2.13.1. Running code in parallel with MPI¶
As an example, let us focus on the tkwant example script
fabry_perot.py
.
To execute this script on 8 cores, the scripts
must be called with the following command:
mpirun -n 8 python3 fabry_perot.py
Calling the script with:
python3 fabry_perot.py
will run it in standard serial mode.
2.13.2. Enabling output only from the MPI root rank¶
Running a script with the prefix mpirun -n x
will execute the entire
script x times. While tkwant is designed to benefit from this parallelization,
any output in the script as printing, plotting or writing to a file
will be also repeated x times.
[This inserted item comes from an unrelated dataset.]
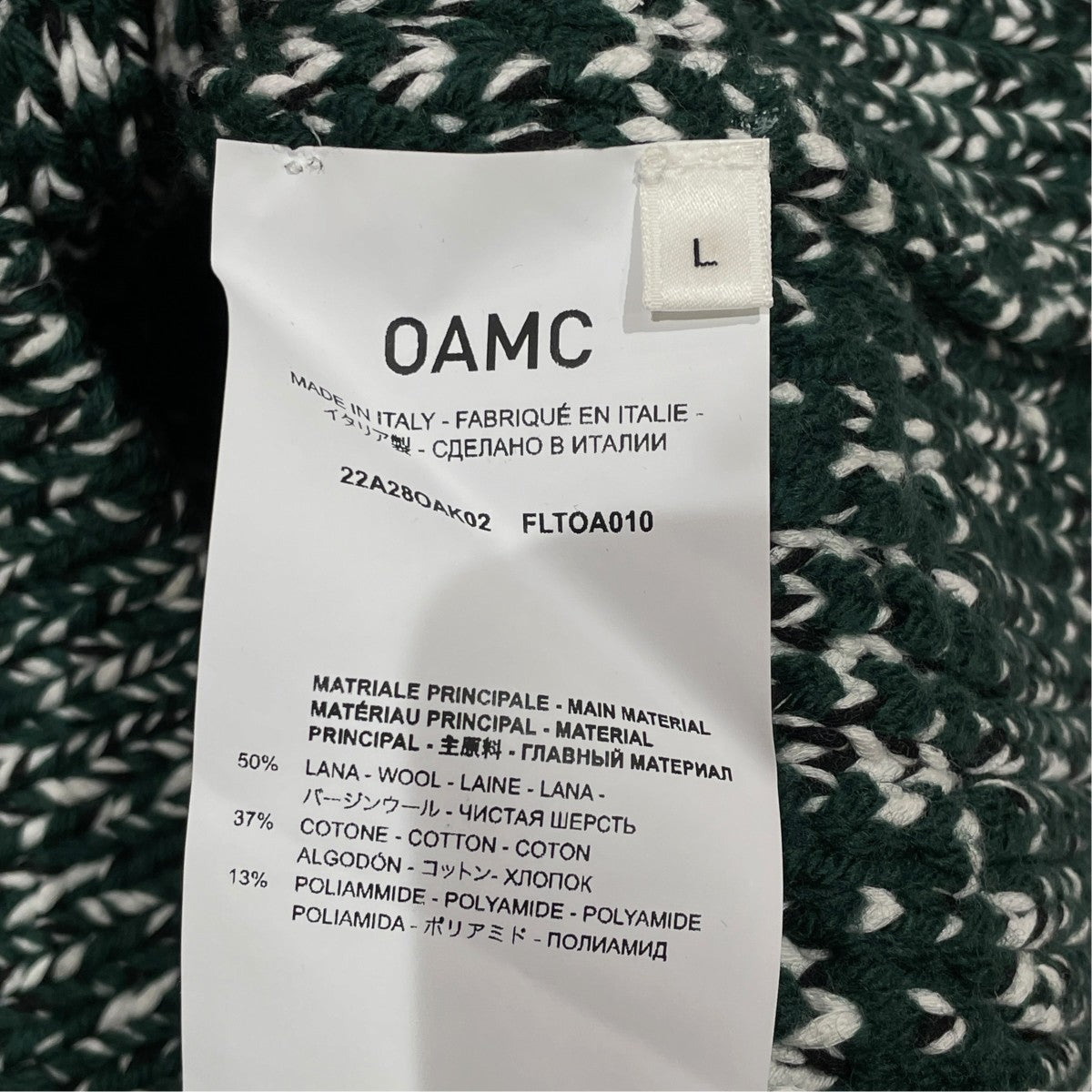 OAMC ニットベスト22A28OAK02 古着・中古-5枚目のアイテム画像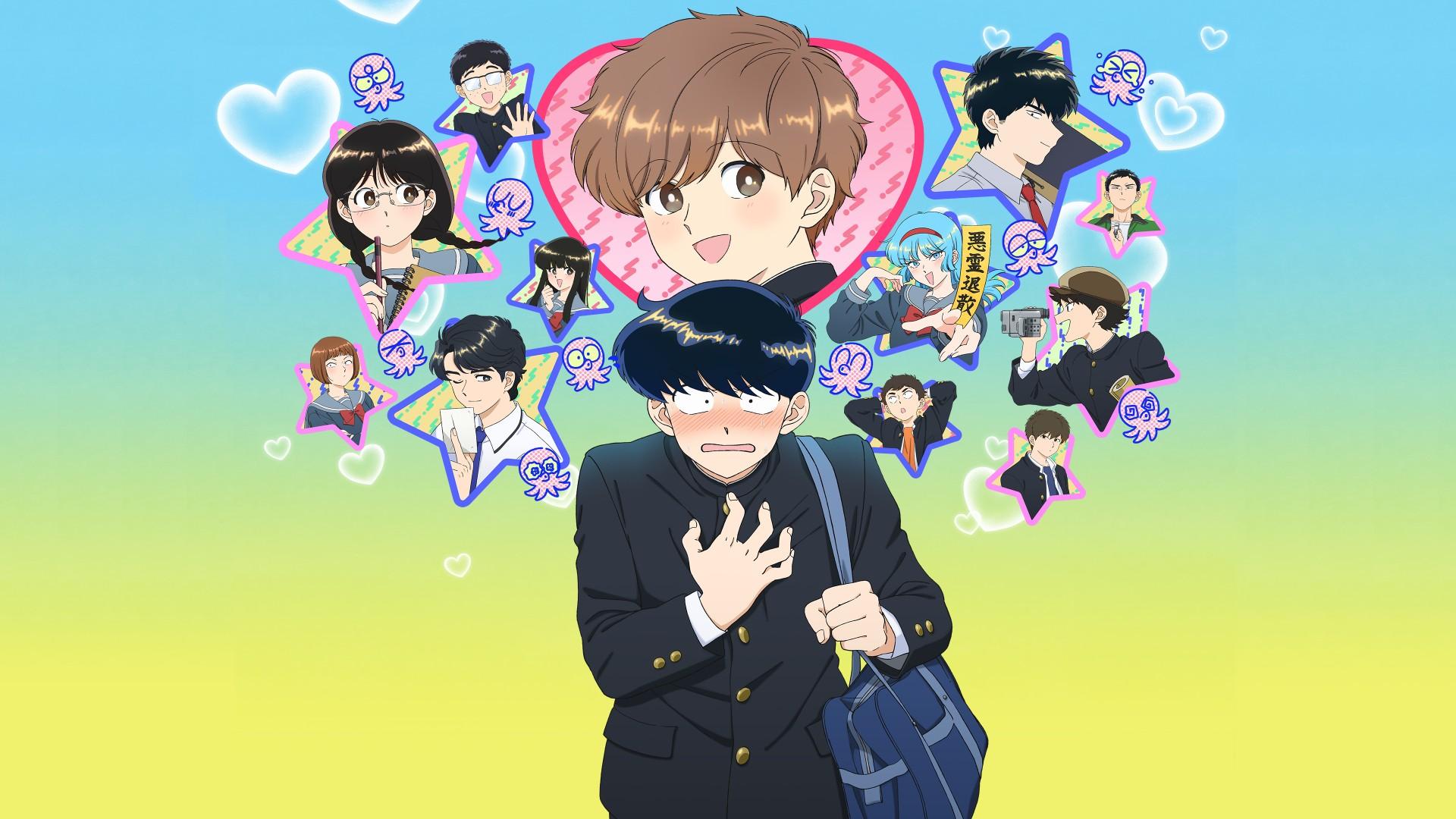 Go For It, Nakamura-kun!!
This is unpractical, as e.g. a print()
call in the simulation
script will print some information x times instead of only once.
Moreover, not all of the x parallel runs are equivalent,
but the result of a calculations from the tkwant solvers is returned
by default only on one MPI rank, the so-called master or root rank, which has the rank index 0.
It is sufficient however to add a few additional lines of code, in order to
redirect all plotting and printing to the MPI root rank, such that both serial and parallel execution
will lead to the same result.
As an example, we look again at the script
fabry_perot.py
.
In this script, a few additional lines of code
redirect all plotting and printing to the MPI root rank.
For plotting and saving the result, the following block of code can be used:
import tkwant
comm = tkwant.mpi.get_communicator()
def am_master():
return comm.rank == 0
# do the actual tkwant calculation
if am_master():
# plot or save result
pass
Quite similar, printing a message only by the master rank is possible by the following lines of code:
import sys
def print_master(*args, **kwargs):
if am_master():
print(*args, **kwargs)
sys.stdout.flush()
print_master('this message is printed only by the master rank')
this message is printed only by the master rank
Note the flush command to prevent buffering of the messages.
2.13.3. MPI communicator¶
The following information is not relevant for tkwant users, but inteded for
tkwant developers working with MPI.
Tkwant initializes automatically the MPI communicator, if needed.
To uses MPI, the function mpi.get_communicator()
returns tkwant’s global
MPI communicator which is used by all routines by default:
import tkwant
comm = tkwant.mpi.get_communicator()
print('rank={}, size={}'.format(comm.rank, comm.size))
rank=0, size=1
comm
is basically a copy of the MPI COMM_WORLD
communicator.
If tkwant should be used as an external library with a different MPI communicator,
the routine mpi.communicator_init()
allows to change the default
communicator:
import tkwant
from mpi4py import MPI
my_comm = MPI.COMM_WORLD
tkwant.mpi.communicator_init(my_comm)
WARNING:tkwant.mpi:56:rank=0: tkwant MPI communicator cannot be reinitialized.
Note that the MPI communicator must be set after importing the tkwant module and before executing any tkwant code.
2.13.4. Multi-threading¶
Tkwant does not support multi-threading as OpenMP. The environment variable
OMP_NUM_THREADS
must be set to one:
export OMP_NUM_THREADS=1
2.13.5. Examples¶
The example scripts
fabry_perot.py
and
voltage_raise.py
can both be executed in parallel using MPI.